Line Series, Chassis Type, Body Type - 5th, 6th, 7th Positions:

Line Series: F-Series - F150

Chassis Type: 4x2

Body Type: Pickup - Regular Cab

Engine Type - 8th Position:

Engine: 5.8L (351cid)

Cylinders: V-8

Fuel Type: Gasoline

Horse Power: TBD

Model Year - 10th Position:

Model Year: 1983

Assembly Plant - 11th Position:

Assembly Plant: Ontario Truck: Oakville, Ontario

Production Sequence Number - 12th - 17th:

Sequence Number: A77652


----------



## handyandy (Oct 23, 2003)

Ok guys now I'm more confused than ever. It does in fact LOOK like an F250 and maybe the front axle was swapped for a F250 axle. I don't know. The owner is COMPLETELY CLUELESS about what he has. I had him double check the vin and he told me that was what it read right off the title. 
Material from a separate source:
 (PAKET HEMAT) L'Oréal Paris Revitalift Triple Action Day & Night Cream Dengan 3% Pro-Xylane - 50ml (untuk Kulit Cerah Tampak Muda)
The truck is quite a distance from me and I don't want to take a look at it unless I have a better idea what it is. Is there any other pics I can have him post that will clear this up? Even if it is an F150 but has and F250 axle I will probably buy. But if it is just a run of the mill 1/2 ton I'm gonna pass.

Thanks,

Jack


----------



## stangman35 (Feb 9, 2007)

Run the other direction and dont look back...lol

sounds like a mess.The owner doesnt even seem to know what it is.


----------



## DeereFarmer (Dec 12, 2005)

That is an F250 for sure, but I would want to believe the title. Like stangman said, run fast. That sounds like nightmare unless you just want to use it as a yard truck. Registering that would be a pain IMO.


----------



## WOODY367 (Dec 19, 2002)

At some point they might have switch cabs. Origanal cab might have rusted or been damage. The cab could have come from a F150 and the vin would stay. I did that exact thing. My cab burnt so I put a 150 cab on my 250. Its reg as the 150.


----------



## handyandy (Oct 23, 2003)

Why would it be a pain to register it? Even if it registers as a F150 why would it matter? Why are you guys so sure it is a F250? What's the give away. Even if it was a F150 with a F250 front axle then what's the problem? It will still have a 3/4 ton front axle. The owner did say it rides down the road good but it is a ruff ride...making me think 3/4 ton leafs up front as well. The truck is supposed to be a good runner and the plow supposedly works as it's supposed to. I can get it for $700. That is why I'm thinking of taking a chance on it but I still want to hear more of what you guys think? I'm a very capable wrencher but I can't seam to figure out this F150 or F250 deal.


----------



## handyandy (Oct 23, 2003)

WOODY367;399302 said:


> At some point they might have switch cabs. Origanal cab might have rusted or been damage. The cab could have come from a F150 and the vin would stay. I did that exact thing. My cab burnt so I put a 150 cab on my 250. Its reg as the 150.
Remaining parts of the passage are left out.